Obviamente que o capitalismo tem problemas que devem ser
discutidos e endereçados, como a existência da pobreza, da desigualdade de
renda (em nível elevado) e a poluição ambiental. Todavia, também devemos ter em
mente que foi também o capitalismo que propiciou direta ou indiretamente o padrão
de vida que desfrutamos, o alargamento da expectativa de vida, a entrada de
mulheres no mercado de trabalho, a disseminação de informação, e tantos outros
benefícios. O correto, portanto, ao invés de apontar e soltar flexas ao
capitalismo, é discutir formas de torná-lo compatível com objetivos
humanitários, mantendo suas conquistas históricas.
Voltando ao livro, Lembke descreve estratégias para lidarmos
com esse mundo propício à busca desenfreada de prazer, sendo esta parte um dos
pontos mais interessantes e atrativos da obra. Discutirei 3 destas soluções. A
primeira é abraçar a dor. Não evitá-la a todo custo, mas saber
experimentá-la. A dor atual que sentimos tende a se reduzir conforme a
vivenciamos. Somos seres adaptáveis, incluindo quando estamos na adversidade.
Utilizar formas artificiais para esconder esta dor tende a fortalecê-la,
criando problemas futuros para nós mesmos, ao mesmo tempo nos enfraquecendo, dado que não criamos resiliência para momentos negativos - os quais sempre teimam em aparecer em nossa existência. Precisamos de coragem.
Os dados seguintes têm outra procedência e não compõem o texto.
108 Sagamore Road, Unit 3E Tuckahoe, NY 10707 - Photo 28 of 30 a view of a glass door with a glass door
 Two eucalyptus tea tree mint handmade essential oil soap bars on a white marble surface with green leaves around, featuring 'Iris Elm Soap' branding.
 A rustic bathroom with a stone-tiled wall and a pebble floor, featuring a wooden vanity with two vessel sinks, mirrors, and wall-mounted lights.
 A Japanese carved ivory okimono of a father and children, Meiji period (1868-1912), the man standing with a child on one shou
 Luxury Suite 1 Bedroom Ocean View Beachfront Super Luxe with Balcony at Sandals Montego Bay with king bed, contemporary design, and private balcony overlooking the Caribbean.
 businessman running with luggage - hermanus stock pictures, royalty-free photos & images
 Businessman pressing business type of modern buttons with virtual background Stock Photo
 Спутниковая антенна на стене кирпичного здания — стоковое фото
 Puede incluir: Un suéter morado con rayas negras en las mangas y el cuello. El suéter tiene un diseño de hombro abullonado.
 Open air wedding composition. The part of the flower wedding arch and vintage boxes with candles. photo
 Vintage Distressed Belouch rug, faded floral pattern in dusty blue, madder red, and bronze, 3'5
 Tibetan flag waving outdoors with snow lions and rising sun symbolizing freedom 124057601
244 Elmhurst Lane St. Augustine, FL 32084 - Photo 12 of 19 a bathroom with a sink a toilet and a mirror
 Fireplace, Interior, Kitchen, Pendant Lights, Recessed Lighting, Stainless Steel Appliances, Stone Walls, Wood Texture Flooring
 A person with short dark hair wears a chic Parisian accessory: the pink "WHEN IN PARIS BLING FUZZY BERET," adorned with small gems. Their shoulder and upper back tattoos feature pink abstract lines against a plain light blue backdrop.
Abraçar a dor também envolve a prática de exercícios
físicos, pelos vários benefícios que estes acarretam para nosso corpo, e regras
autoimpostas, como limites à quantidade de ingestão de produtos, remédios e
substâncias - e no tempo de videogame. É desejável que tenhamos moderação em nossas vidas. Cada um se
conhece para criar e seguir estratégias. Não há uma fórmula fechada para
atingi-la.
A segunda estratégia é a honestidade radical. Devemos
ser honestos sobre nossas questões interiores, sobre o que nos incomoda, nossos
hábitos – os quais sabemos que estão nos prejudicando, mas que temos vergonha
de expô-los. Lembke argumenta que deveríamos expô-los para que possamos nos
conhecer ainda mais. Nesta parte eu resgato o livro de Brené Brown, A Coragemde Ser Imperfeito. Não precisamos nos abrir para quaisquer pessoas, mas para
aquele círculo restrito de que chamamos de amigos (e alguns familiares),
pessoas que possamos confiar. O autoconhecimento é fundamental para uma
autoavaliação de como lidamos com a dor e com situações desconfortáveis.
Finalmente, a terceira estratégia é assumirmos responsabilidade.
Nos colocarmos no centro de eventos adversos que ocorrem na nossa vida. Não nos
comportarmos como vítimas, terceirizando a culpa e a responsabilidade. Seremos
mais fortes conforme passemos a ver os eventos sob a ótica de que embora
algumas coisas não estejam sob nosso domínio, podemos sempre escolher a forma
como lidamos com elas. Lembke afirma que pacientes que se auto responsabilizam
por seus problemas têm maiores chances de superá-lo, ao passo que os que se
vitimizam dificilmente conseguem escapar da armadilha na qual se encontram.